Отец задрыгал руками, что-то изображал, пока бабушка не кинула в него подушкой.
— Как сама знаешь. — Махнул рукой.
— О чём он?
— Не знаю, я внимания уже не обращаю.
Мы засмеялись. Хорошо стало на душе, приятно, именно так, как нужно было.
Глава 29
В детстве я пришла к выводу, что плохие мысли притягивают плохие события, как груз что материализуется в пространстве и бьет по голове с небольшим опозданием. Потом поняла, теория была неверной, человек и без лишних размышлений может загнать себя по уши в дерьмо, а мыслями так вообще убить. События и мысли, разделяет их только ожидание, от чувства вины, от проступка, покаяния, и прочей ереси, что было придумано для того, чтобы делать несчастным каждый день.
Почему я думала об этом с утра? Наверное, я ждала обратного, находилась в непонятном ожидании, словно интуиция шептала: «Скоро что-то случиться и ты сожрёшь себя с потрохами». Голова гудела, пальцы покалывало от онемения, я думала лишь о том, чтобы этот карточный дом не развалился, меня не завалило его стенами, или я смогла бы вовремя выбежать. Со Стасом было временно улажено, с Заиром разобралась, бабушка на лечении. Отец? Ведь он обещал закодироваться, но это чувство томительной тревожности нарастало.
Сжала веки и открыла глаза, черные пятна заплясали на белом потолке.

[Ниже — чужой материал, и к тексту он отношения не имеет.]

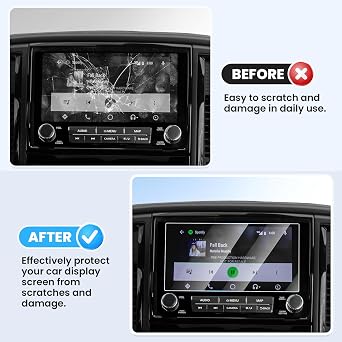 Canvcle スクリーンプロテクター 2021-2024 Nissan Titan PRO 4X用 9インチタッチスクリーンプロテクター 強化ガラス ナビゲーションディスプレイ スクリーンカバー インフォテインメント保護フィルム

Борзини помял лапками край одеяла, развернулся ко мне и устроился под боком. Морда его была сонной, пушистая щека примялась, а когда зазвонил телефон он даже не поднял головы.
— Привет, — попыталась ответить бодро, мягким голосом.
— Привет, — в трубке послышался шумный выдох, продолжать Стас не стал.
— Отец?
— Да, и в этот раз всё несколько сложнее.
Ухмыльнулось тому, как я научилась чувствовать отца на расстоянии, вернее его выходки. Погладила Борзини по спине, он замурлыкал, это мало меня успокаивало, но ему, похоже, нравилось.